Magda, une ancienne journaliste du temps des journaux à fenêtres, pense qu’il s’agit de conflits territoriaux. On ne trouve plus d’anciens matériaux souples, si bien que les nouveaux constructeurs ont besoin de plus d’espace pour bâtir raide. De plus, vivre dans les arbres ne vaut quasiment rien : c’est mauvais pour la concurrence et la hausse des prix immobilière. Certains disent même que ça encourage les immigrants à s’installer. « Et alors ? » dit Magda. La ville est plus vivante, et grâce à l’hospitalité des arbres, tout le monde peut y rester.

C’est elle qui m’a emmenée dans les archives souterraines. Elles sont dans un désordre incroyable : depuis que les arbres à fumée ont restauré le bon air, les gens un peu éduqués sont pressés de vivre tout de suite, et n’ont plus le temps pour la mémoire, l’analyse historique et autres comparaisons fourchues. « Je me demande parfois si ces arbres à fumée ne sont pas un peu fumette ? » dit l’ex-journaliste. Je ne sais pas de quoi elle veut parler, la lecture de la Reine des neiges ne m’a pas préparée à ce genre de questions. Magda ajoute : « Quand les gens se portaient mal, ils étaient très curieux des informations sur fenêtres, qu’on projetait plusieurs fois par jour. Ils voulaient entendre parler du monde entier – et comparer les problèmes des autres avec les leurs… Mais il y avait de la profondeur aussi, dit-elle. Même, quelques-uns s’intéressaient aux solutions. »
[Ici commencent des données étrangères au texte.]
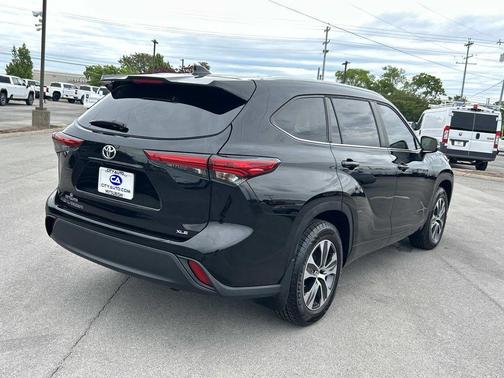 Midnight Black Metallic 2023 Toyota Highlander XLE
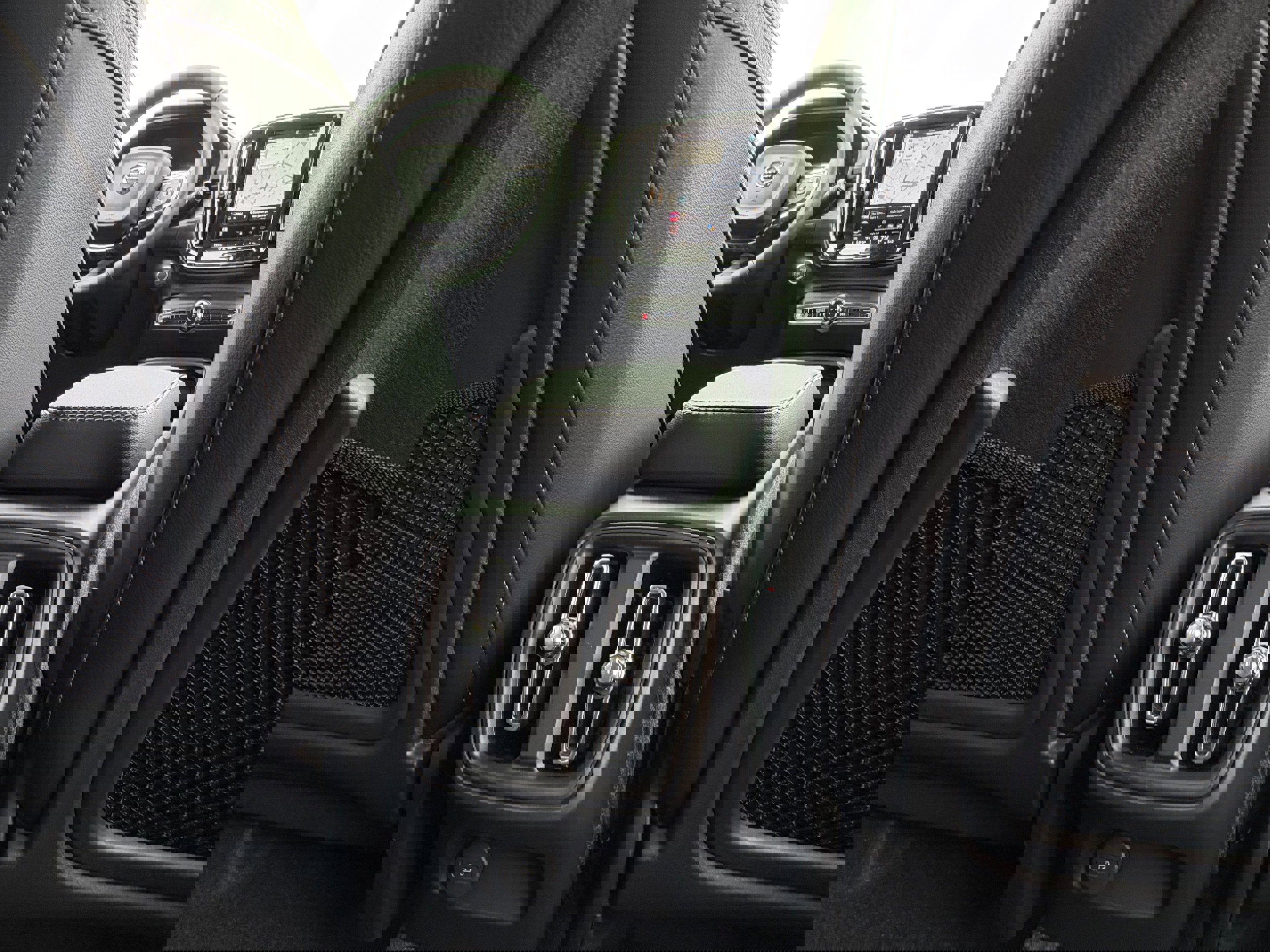 New 2026 Volvo XC40 B4 Plus image 11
Moi, je pense que la profondeur n’a pas disparu, ni l’intérêt. Je ne crois pas non plus que les arbres à fumée soient des imposteurs, et qu’ils provoquent des secousses sismiques, comme veulent le faire croire les anti-arboricoles et leurs milices. On parle d’une loi de déforestation. Je ne sais pas si j’y résisterai. Quand on est une sans-nom comme moi, on apprécie le frétillement des racines. Les arbres poussent sous la terre et nous portent.

Cette nuit, nouvelle secousse. Les arbres à fumée se sont illuminés, et ont grandi. Réveillée en sursaut, j’ai eu l’impression de vivre à l’intérieur d’un dragon. Et que toutes ses excroissances n’étaient après tout que des écailles.

Sur les boulevards, les anti-arboricoles à rotors font régner une peur de plus en plus grande.

Je me suis réfugiée à l’intérieur des archives, en attendant que ça se calme, là-haut. Je constate qu’il y a là de plus en plus d’enfants. Apparemment, les couples retrouvent l’envie de se reproduire, quand ils récupèrent leur mémoire.

Et moi ? Où es-tu, Kay ?

J’ai découvert ici un vieil exemplaire de la Reine des Neiges. Aujourd’hui, la fille des brigands m’a fait signe, depuis son renne. Un autre, aux bois encore plus impressionnants, m’attendait. L’illustration est en couleurs douces, et à travers les flocons de neige, la fille des brigands m’a dit (c’est-à-dire que ses paroles se transformaient en signes à mesure qu’elle les prononçait) qu’elle a des informations pour moi.

Je crois que je vais passer aujourd’hui.